Records shown below:
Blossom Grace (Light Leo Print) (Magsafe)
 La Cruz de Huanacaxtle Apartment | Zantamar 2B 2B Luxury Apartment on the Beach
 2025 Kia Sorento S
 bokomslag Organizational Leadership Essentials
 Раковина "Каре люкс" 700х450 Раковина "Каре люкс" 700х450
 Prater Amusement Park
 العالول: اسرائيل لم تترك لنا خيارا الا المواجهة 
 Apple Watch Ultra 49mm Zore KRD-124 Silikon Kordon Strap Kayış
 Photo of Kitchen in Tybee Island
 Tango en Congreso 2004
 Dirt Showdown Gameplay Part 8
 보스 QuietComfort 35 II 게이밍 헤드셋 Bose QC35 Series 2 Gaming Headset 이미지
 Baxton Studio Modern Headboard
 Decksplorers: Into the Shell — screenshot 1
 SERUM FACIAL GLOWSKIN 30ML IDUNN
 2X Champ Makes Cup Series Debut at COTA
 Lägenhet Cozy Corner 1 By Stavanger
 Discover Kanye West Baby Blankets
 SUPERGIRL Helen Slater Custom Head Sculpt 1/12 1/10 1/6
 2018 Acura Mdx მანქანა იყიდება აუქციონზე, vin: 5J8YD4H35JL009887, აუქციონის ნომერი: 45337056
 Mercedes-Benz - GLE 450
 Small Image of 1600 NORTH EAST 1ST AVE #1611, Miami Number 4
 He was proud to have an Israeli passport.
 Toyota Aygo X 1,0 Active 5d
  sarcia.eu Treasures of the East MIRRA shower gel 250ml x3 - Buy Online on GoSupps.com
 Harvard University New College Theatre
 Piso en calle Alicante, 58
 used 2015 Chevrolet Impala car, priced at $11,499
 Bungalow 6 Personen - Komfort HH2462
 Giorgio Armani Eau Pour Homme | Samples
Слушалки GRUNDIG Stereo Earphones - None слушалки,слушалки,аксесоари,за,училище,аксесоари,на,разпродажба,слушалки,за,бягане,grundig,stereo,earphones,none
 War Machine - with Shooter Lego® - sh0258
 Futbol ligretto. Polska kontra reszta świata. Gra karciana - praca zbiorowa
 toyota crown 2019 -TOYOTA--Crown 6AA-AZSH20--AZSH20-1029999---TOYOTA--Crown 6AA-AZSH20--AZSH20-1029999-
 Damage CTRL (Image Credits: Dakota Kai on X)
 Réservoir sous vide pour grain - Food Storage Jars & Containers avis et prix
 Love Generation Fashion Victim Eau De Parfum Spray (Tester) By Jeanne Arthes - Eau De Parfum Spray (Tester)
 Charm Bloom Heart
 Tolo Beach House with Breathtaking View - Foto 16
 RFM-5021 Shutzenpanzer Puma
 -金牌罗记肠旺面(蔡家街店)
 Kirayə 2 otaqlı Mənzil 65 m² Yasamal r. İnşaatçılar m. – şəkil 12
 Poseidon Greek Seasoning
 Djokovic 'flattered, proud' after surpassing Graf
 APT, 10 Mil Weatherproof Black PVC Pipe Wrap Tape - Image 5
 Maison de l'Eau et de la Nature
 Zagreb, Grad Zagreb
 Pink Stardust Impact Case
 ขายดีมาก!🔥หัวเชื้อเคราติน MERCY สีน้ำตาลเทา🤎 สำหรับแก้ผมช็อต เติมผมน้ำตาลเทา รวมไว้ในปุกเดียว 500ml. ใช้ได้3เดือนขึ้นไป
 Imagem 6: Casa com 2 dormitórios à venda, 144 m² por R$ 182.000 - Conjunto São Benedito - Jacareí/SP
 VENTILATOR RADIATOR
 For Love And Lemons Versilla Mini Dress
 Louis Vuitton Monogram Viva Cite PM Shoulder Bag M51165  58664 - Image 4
End of Records shown.
◆ About this exercise ◆
Starting at the first line of the entries above, please extract each line up to and including the line with "Damage CTRL (Image Credits: Dakota Kai on X)", unchanged, and add nothing.

◆ Solution for this task ◆
Blossom Grace (Light Leo Print) (Magsafe)
 La Cruz de Huanacaxtle Apartment | Zantamar 2B 2B Luxury Apartment on the Beach
 2025 Kia Sorento S
 bokomslag Organizational Leadership Essentials
 Раковина "Каре люкс" 700х450 Раковина "Каре люкс" 700х450
 Prater Amusement Park
 العالول: اسرائيل لم تترك لنا خيارا الا المواجهة 
 Apple Watch Ultra 49mm Zore KRD-124 Silikon Kordon Strap Kayış
 Photo of Kitchen in Tybee Island
 Tango en Congreso 2004
 Dirt Showdown Gameplay Part 8
 보스 QuietComfort 35 II 게이밍 헤드셋 Bose QC35 Series 2 Gaming Headset 이미지
 Baxton Studio Modern Headboard
 Decksplorers: Into the Shell — screenshot 1
 SERUM FACIAL GLOWSKIN 30ML IDUNN
 2X Champ Makes Cup Series Debut at COTA
 Lägenhet Cozy Corner 1 By Stavanger
 Discover Kanye West Baby Blankets
 SUPERGIRL Helen Slater Custom Head Sculpt 1/12 1/10 1/6
 2018 Acura Mdx მანქანა იყიდება აუქციონზე, vin: 5J8YD4H35JL009887, აუქციონის ნომერი: 45337056
 Mercedes-Benz - GLE 450
 Small Image of 1600 NORTH EAST 1ST AVE #1611, Miami Number 4
 He was proud to have an Israeli passport.
 Toyota Aygo X 1,0 Active 5d
  sarcia.eu Treasures of the East MIRRA shower gel 250ml x3 - Buy Online on GoSupps.com
 Harvard University New College Theatre
 Piso en calle Alicante, 58
 used 2015 Chevrolet Impala car, priced at $11,499
 Bungalow 6 Personen - Komfort HH2462
 Giorgio Armani Eau Pour Homme | Samples
Слушалки GRUNDIG Stereo Earphones - None слушалки,слушалки,аксесоари,за,училище,аксесоари,на,разпродажба,слушалки,за,бягане,grundig,stereo,earphones,none
 War Machine - with Shooter Lego® - sh0258
 Futbol ligretto. Polska kontra reszta świata. Gra karciana - praca zbiorowa
 toyota crown 2019 -TOYOTA--Crown 6AA-AZSH20--AZSH20-1029999---TOYOTA--Crown 6AA-AZSH20--AZSH20-1029999-
 Damage CTRL (Image Credits: Dakota Kai on X)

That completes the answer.